You know that feeling you get when you first start dating, the one you want to last forever but it always goes away?
That sense of excitement, the energy, the desire.
We experience it for a short time and then, for some reason it suddenly vanishes. I recently watched Esther Perel’s TED talk, The Secret to Desire in a long term relationship. As a coach focused on courage, communication and connection I’m thinking to myself as I watch this, “Yes!! Yes!!! She’s got it!! That’s how I’ve been feeling and someone finally put it into words!!!”
Esther Perel is a couples and family therapist who focuses on erotic intelligence.
I found that she beautifully and easily articulated what these feelings are like while also exploring them in depth, helping us to learn why it goes away and what we can do to help maintain it.
Divorce rates are through the roof, heck I’m one of those statistics! So if I can do something different, take a different perspective on my next relationship and get a different result, then I’m open to doing that.
Both her TED talk and her book, “Mating in Captivity” explore the relationship between love and desire. She has, in her 30 years as a couples therapist, observed that a major component of desire is rooted in absence and longing. The ability to maintain your autonomy and independence from your partner are key to maintaining desire she says. Listen closely to the area of her talk where she describes what couples said when asked, “When do you find yourself most drawn to your partner?”
Have you noticed that when you got married or you were dating that you lost yourself in the relationship? You gave everything you had and didn’t save anything for yourself? Where did that person go once you entered a romantic relationship? We seem to have the expectation in us that when we meet someone we want to or should spend as much of our time with them as we can.
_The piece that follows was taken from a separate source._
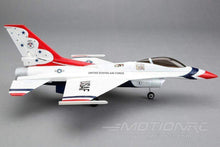Load image into Gallery viewer, E-flite UMX F-16 BNF Basic with AS3X 28mm EDF Jet - BNF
After all we are a couple!
I’m certainly guilty of this, both in my marriage and in relationships since. Esther’s comments made me wonder, how has the fact that, for the last 30 years many of us “shacked up” rather than got married, affected the divorce rate? Did we think we were doing it differently by not tying the knot but in the end it wasn’t any different? We still lost ourselves.
Our expectations around what we want from our partner have become next to impossible to achieve, and this is from both men and women. We say I need security but I also need adventure. This quote from the Ted talk sums it up perfectly.
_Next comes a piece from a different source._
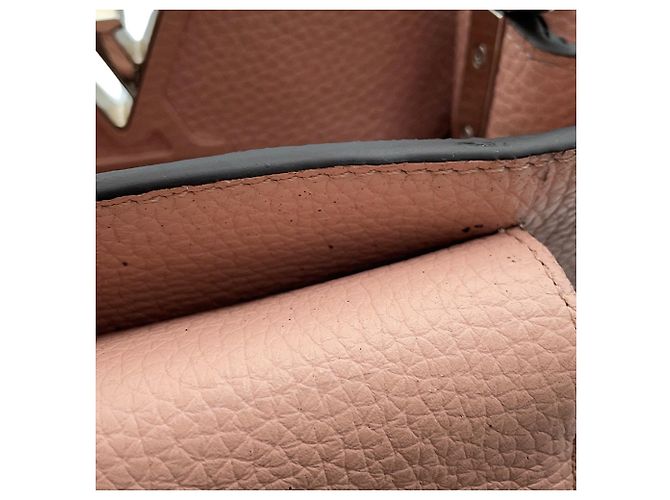 Borsa Louis Vuitton Capucines BB - vista 8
“Give me comfort, give me edge. Give me novelty, give me familiarity. Give me predictability, give me surprise and we think it’s a given that toys and lingerie are going to save us with this.”
Yes!! I find myself saying! You nailed it. And then I said, “Mmm.”
How realistic is this? How can we possibly expect one person to be all of those things to us and how can we possibly be that for someone else?
Marcel Proust says, “Mystery is not about travelling to new places, it’s about looking with new eyes.” Esther suggest s that this is part of the key to maintaining desire, to look at our lover with new eyes, eyes that look from a distance rather than close up.
Deep down many of us long for connection, we struggle to find the courage to ask for what we want intimately from our partners. And often we just can’t find the words to communicate our wanting. But what if it’s only in maintaining our autonomy that we can really have these things with our partners?
I think Esther has found the key, the question is will you use it to unlock your door?